Security Deposits Disputes over security deposits are normal in small claims courts. Generally, the total amount in dispute is significantly less than the jurisdictional limit, so these cases certainly are a good fit. Tenants have the benefit here. Understand that a security deposit hardly ever really is one of the landlord. In a way, the deposit is held in trust for the tenant by the landlord, and may only be retained in very specific instances. I’ve seen a whole lot of landlords lose very badly in small claims court. An example is a recently available Massachusetts case involved the withholding of $500 from a $1,000 deposit. The landlord claimed that the machine was left in terrible condition, and that the tenants had taken two stools. The tenant (a colleague of mine) in the settlement phase, wanted to accept $200 to stay the $500 claim. The landlord was stubborn, and probably figured that the former tenant wouldn’t normally pursue the problem. The tenant brought his case in small claims court. The landlord’s evidence was weak; he previously minimal receipts to substantiate the $500 in cleaning costs and furniture replacement. The tenant clarified that the machine was spotless and that the stools were at least 25 years old and probably worth $5. The tenant won the entire return of his security deposit. Furthermore, the Massachusetts statute allows triple damages and attorney’s fees, therefore the total judgment was nearly $3,500. The landlord appealed and lost the appeal aswell.
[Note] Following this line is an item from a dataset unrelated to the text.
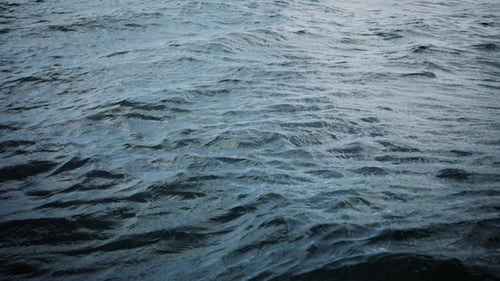 Ocean Waves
Some important points to keep in mind in a security deposit dispute:
Cases to recuperate Back Rent Actions to recuperate overdue rent following a end of a lease are normal in small claims court. These cases arise at either the finish of the word of a lease, or when the tenant abandons the house prior to the end of the lease. Cases brought at the natural end of a lease are simpler. A plaintiff landlord ought to be ready to introduce the lease into evidence, also to provide some kind of statement showing what rent was paid, and what rent had not been paid. If any security deposit was withheld, the landlord ought to be ready to offer substantial and meaningful proof that the withholding of the deposit was warranted. Defendants may use a withheld security deposit to counterclaim against a landlord.
Cases regarding the abandonment of accommodations property are more technical. Whenever a tenant abandons accommodations property, the tenant may leave half a year or even more on a lease term. As a landlord, you can be tempted to sue for the whole remaining term of the lease. However, regulations might not afford a landlord such a generous remedy. Landlord-tenant law generally requires landlords to actively and meaningfully "mitigate their damages" by searching for a new tenant. In order a landlord, you have to show that you actively advertised the house, and showed it to potential renters. If the landlord will not demonstrate an active try to mitigate his / her damages, the defendant will keep his / her damages very low, regardless of the defendant’s breach of the rental agreement.
Want more help winning in small claims court? Get the info you will need to execute an effective case in Small Claims Court Guidebook (Entrepreneur Press).